Extra, with a bit of a horror story. Well, it was horrifying to me.
Faulty bits from someone's previous repair, hence the solder and teeny bit of other cable on the left, after removing the sleeving over the joint. I very much suspect the repair was for the same fault, but they failed to clean the heating element's contact which the crimp (thing on the right) slides on to, and didn't fit the crimp tightly enough... which was why I couldn't find at first. It had fallen off! Other side of element - no problems.
Just a small amount of resistance from a loose connection or dirty contact can eventually lead to this happening. It may take years, as the copper slowly tarnishes with the heating and cooling from the extra heat generated from the high current and that little resistance.

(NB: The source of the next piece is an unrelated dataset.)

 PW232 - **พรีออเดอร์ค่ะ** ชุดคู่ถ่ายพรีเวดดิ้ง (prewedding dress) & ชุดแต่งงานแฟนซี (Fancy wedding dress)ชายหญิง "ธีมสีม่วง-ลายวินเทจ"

Eventually the tarnishing works its way into the contact(s), and the resistance increases very slightly more. The heat then increases. When it becomes sufficiently high, that PVC insulation (not a good choice for connecting to a heating element!) starts to melt, and gives off various acidic substances (probably hydrochloric acid) which attacks the copper, hence the green corrosion. This reduces the conducting cross-sectional area, which in turn increases the resistance, and the process accelerates rapidly. The cause of many house fires from the likes of washing machines, tumble dryers, and immersion heater circuits, especially if someone fitted the likes of a plug, and missed just a tiny single strand of the copper wire. May work okay for years, but eventually...
The piece of equipment this was from, was a small autoclave - hence some water about, and the need for a heating element. It is very much based on the same well known company's pressure cookers. Have repaired a couple of identical types at work before.
For the repair I used thicker cable with heat-resistant sleeving - a bit left over from an oven repair - a new crimp, some solder and a double layer of heat-shrink sleeving over the joint to the cable. Cleaned up the area from fumes etc, and the element's contact, and ensured a tight fit for the crimp. The owner asked how much it cost, "Just a few pennies, don't worry about it, or a packet of Aldi's plain chocolate digestives if you really want to make my day." Gave them full details of what I'd found and done, along with a photo like the above.
They gave it a good testing, and it's working fine. That was last week. It was this week in conversation that they revealed they'd previously sent it back to the manufacturer for repair. It's a circa £1,000 piece of equipment, and the company would have (hopefully) done a full safety test on everything before sending it back, but other than that, the material repair costs would have been very much the same as I worked out, as there were no signs of any other works being done - so a few pennies. How much did they charge? The horrifying bit... £400.